28-) Elem tera ilelleziyne beddelu nı'metellahi küfren ve ehallu kavmehüm darel bevar;
Görmez misin, Allâh nimetini (hakikat bilgisini) küfür (inkâr) ile değiştiren ve kendi toplumunu dar'ül bevar'a (hakikatin getirisi olmayan yaşama) indiren kimseleri? (Dar'ül Bevar = hakikatin getirisi olmayan yaşam) (A.Hulusi)
28 - Bakmaz mısın onlara ki Allahın nimetini küfre değiştiler ve kavimlerini helâk yurduna kondurdular. (Elmalı)
Elem tera ilelleziyne beddelu nı'metellahi küfren ve ehallu kavmehüm darel bevar; Görmez misin Allah’ın nimetini küfürle takas edenleri, ve kavimlerini helak diyarına sürükleyen kimseleri, baksana şunlara. Allah’ın kendilerine olan nimetlerini.
Nı'metellah Arap dilindeki bir kurala göre eğer mastar muzaf olarak gelir ve tekil olursa çoğul anlaşılabilir. Enamallah diye okuyabiliriz, anlayabiliriz. Allah’ın nimetini, nimetlerini küfürle takas edenler sonuçta helak yurduna sürüklenirler diyor ayet. Bu helak yurdu ne imiş, müteakip ayet onu söylüyor.
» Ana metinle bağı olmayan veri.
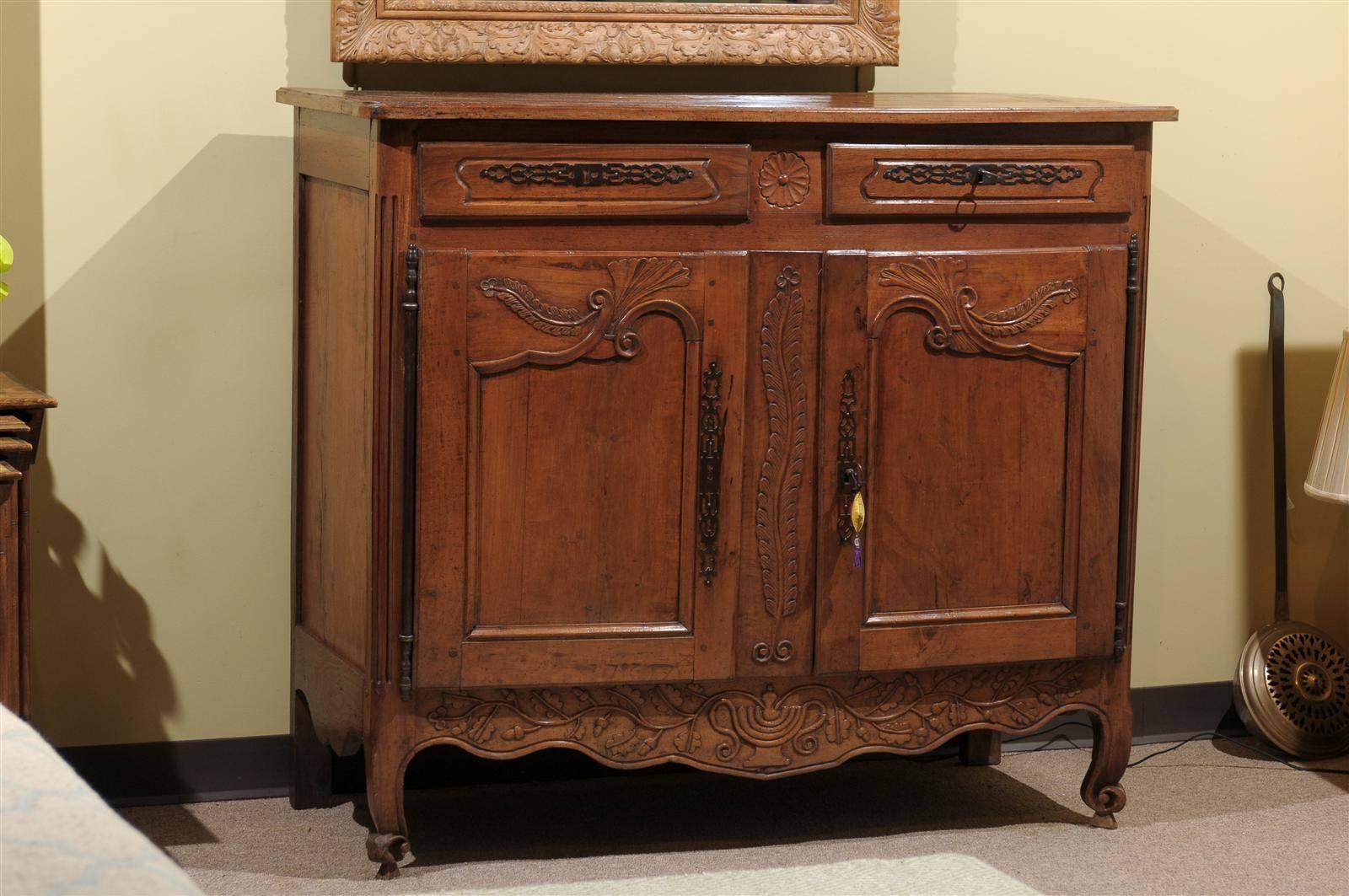 This beautiful buffet has very unusual carvings. We love the carved feathers that adorn the doors and center piece. And the apron has a wandering vine of acorns and leaves. This buffet has a rich patina and a very sought after moderate depth of 22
29-) Cehennem* yaslevneha* ve bi'sel karar;
Cehennem'dir ki ona yaslanırlar! Ne kötü bir yaşam boyutudur o! (A.Hulusi)
29 - Cehenneme, yaslanırlar ona, o ise ne fena makardır. (Elmalı)
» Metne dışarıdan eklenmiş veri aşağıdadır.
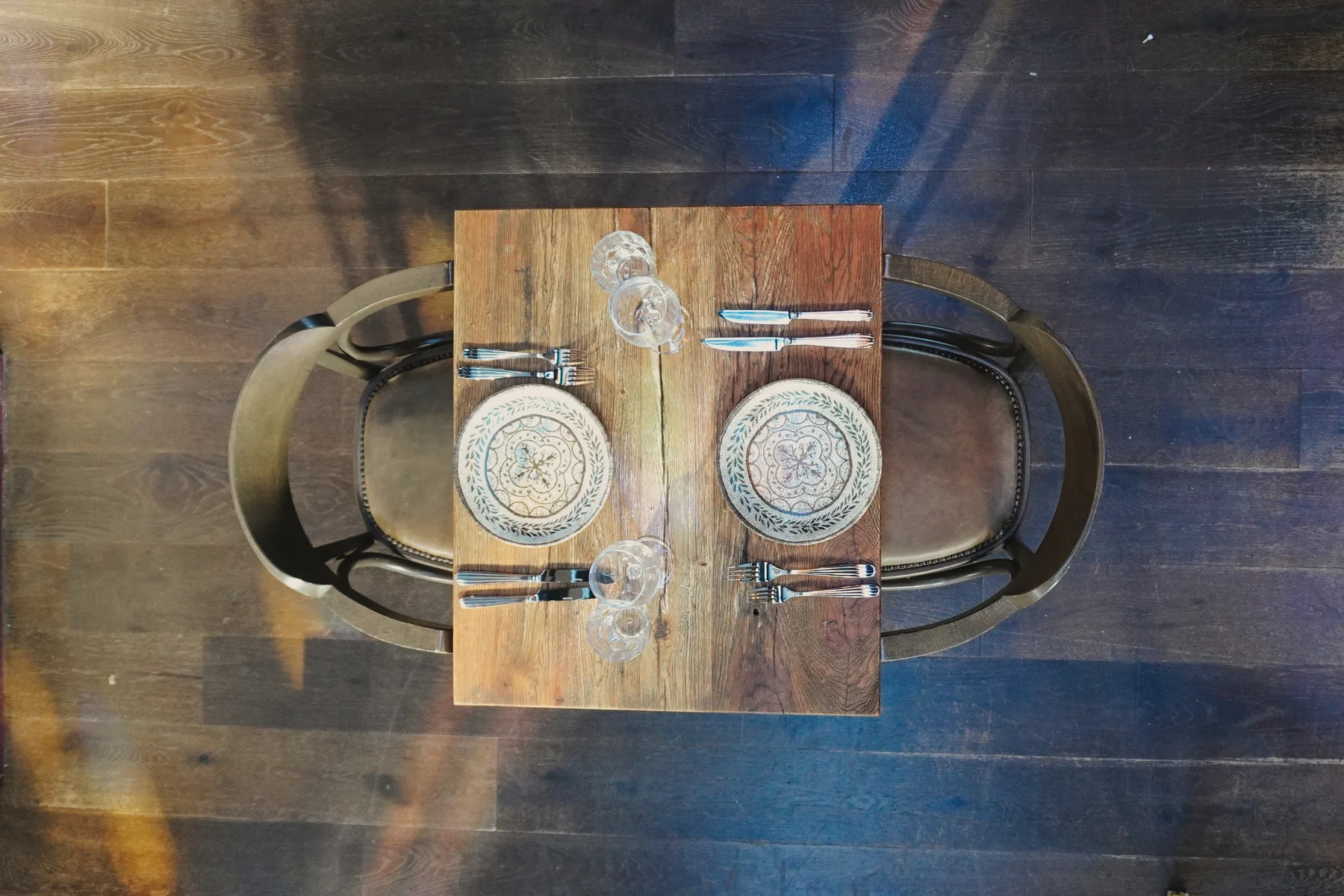 Patterned crockery arranged on a wooden dining table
Cehennem* yaslevneha* ve bi'sel karar; Cehenneme evet, oraya varıp dayanacaklar ve orası ne berbat bir ikametgahtır.
30-) Ve ce'alu Lillâhi endaden li yudıllu an sebiyliHİ, kul temette'û feinne masıyreküm ilennar;
Allâh'a denkler (denk varsandıkları tanrılar) oluşturdular, O'nun yolundan saptırmak için! De ki: "Faydalanmaya çalışın (bakalım); yaşayacağınız yer ateştir!" (A.Hulusi)
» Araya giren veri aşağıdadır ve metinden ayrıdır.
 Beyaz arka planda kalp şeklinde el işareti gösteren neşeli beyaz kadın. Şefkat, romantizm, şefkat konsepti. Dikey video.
30 - Ve Allahın yolundan sapıtmak için Allaha menendler uydurdular, de ki: keyfinize bakın çünkü gidişiniz ateşedir. (Elmalı)
Ve ce'alu Lillâhi endaden li yudıllu an sebiyliH Allah’a O’nun yolundan saptırmak için rakipler tasavvur ettiler. Evet, şimdi kendi kendine kıyanlar, Allah’ın koyduğu yeri beğenmeyip kendisine başka yerler arayanlar, eşyanın yerini değiştirenler, bozanlar; Öncelikle kendilerine yaptıkları bu yanlışı, mutlak hakikate de yöneltiyorlar. Bir kez insan ilk düğmeyi yanlış düğmelemeye görsün, daha sonraki düğmelerin doğru düğmelenmesi mümkün değil. Kendisini yanlış bir yere koyunca Allah’ı da olmayan bir yere, ya da Allah’tan başkalarını da Allah yerine koyacaktır, tanrı yerine koyacaktır.
İşte onu dile getiriyor. Bu zulüm silsilesi böylesine sapmış bir akılda nasıl işler, nereye varır. Sonuçta nasıl vahim bir belaya dönüşür işte çok tipik bir örneği veriliyor burada. Deniliyor ki; Allah’a O’nun yolundan saptırmak için rakipler tasavvur ettiler.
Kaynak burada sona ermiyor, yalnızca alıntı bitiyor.